Achieving Deep Remission Early, No Matter How, Is Best Way to Decrease Crohn’s Disease Progression
Monika Fischer, MD, reviewing Ungaro RC, et al. Gastroenterology 2020 Mar 26.
The Selecting Therapeutic Targets in Inflammatory Bowel Disease (STRIDE) program recommended deep remission (endoscopic plus clinical remission) as the preferred treatment target for Crohn’s disease. There are very limited data on whether achievement of deep remission is a disease modifier.
Researchers retrospectively analyzed long-term (median=3 years) outcomes of 122 participants in the effect of tight control management on Crohn’s disease (CALM) study. Within the CALM study, patients with short disease duration (median=0.2 years) were treated with induction prednisone, tapered up to 8 weeks, then received no therapy or escalating doses of adalimumab with or without azathioprine when needed due to active disease. The patients were randomized to the tight control approach (treatment adjusted based on symptoms, C-reactive protein [CRP], or calprotectin) or the standard approach (treatment adjusted based on clinical symptoms only) to achieve deep remission.

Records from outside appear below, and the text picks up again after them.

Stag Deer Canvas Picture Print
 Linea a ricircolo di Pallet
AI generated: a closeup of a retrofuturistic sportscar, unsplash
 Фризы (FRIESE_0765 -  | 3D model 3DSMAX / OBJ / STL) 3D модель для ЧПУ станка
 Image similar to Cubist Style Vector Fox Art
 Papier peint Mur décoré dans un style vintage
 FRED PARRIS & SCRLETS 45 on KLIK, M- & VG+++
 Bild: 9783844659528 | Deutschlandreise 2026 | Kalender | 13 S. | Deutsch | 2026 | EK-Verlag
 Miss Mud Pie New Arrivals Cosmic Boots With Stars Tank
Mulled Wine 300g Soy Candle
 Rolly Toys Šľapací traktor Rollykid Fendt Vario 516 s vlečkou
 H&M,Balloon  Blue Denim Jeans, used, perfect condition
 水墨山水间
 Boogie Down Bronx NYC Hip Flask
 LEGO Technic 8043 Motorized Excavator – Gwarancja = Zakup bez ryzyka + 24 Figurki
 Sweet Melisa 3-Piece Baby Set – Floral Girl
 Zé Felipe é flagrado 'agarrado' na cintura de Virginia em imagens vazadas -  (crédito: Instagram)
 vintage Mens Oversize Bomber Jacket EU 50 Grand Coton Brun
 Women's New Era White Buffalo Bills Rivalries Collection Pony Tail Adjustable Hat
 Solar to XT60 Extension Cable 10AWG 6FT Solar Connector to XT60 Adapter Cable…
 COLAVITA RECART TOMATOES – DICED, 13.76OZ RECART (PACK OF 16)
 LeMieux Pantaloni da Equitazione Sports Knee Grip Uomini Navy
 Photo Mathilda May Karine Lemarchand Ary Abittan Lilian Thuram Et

Deep remission at 48 weeks was associated with an 81% decrease in the risk of long-term adverse outcomes, including new perianal or intrabdominal fistulas, abscesses, or strictures, or surgery or hospitalization (adjusted hazard ratio [aHR], 0.19; 95% confidence interval, 0.08-0.31). Endoscopic remission (aHR, 0.41; 0.24-0.60) and clinical remission (aHR, 0.40; 0.26-0.57) were associated with favorable outcomes but to a lesser degree after adjustments for the CALM treatment arm, age, sex, disease duration, baseline CRP, baseline calprotectin, disease location, smoking, prior surgery, and history of stricturing disease.
Monika Fischer, MD, FASGE
Ungaro RC, Yzet C, Bossuyt P, et al. Deep remission at 1 year prevents progression of early Crohn’s disease. Gastroenterology 2020 Mar 26 (Epub ahead of print) (https://doi.org/10.1053/j.gastro.2020.03.039)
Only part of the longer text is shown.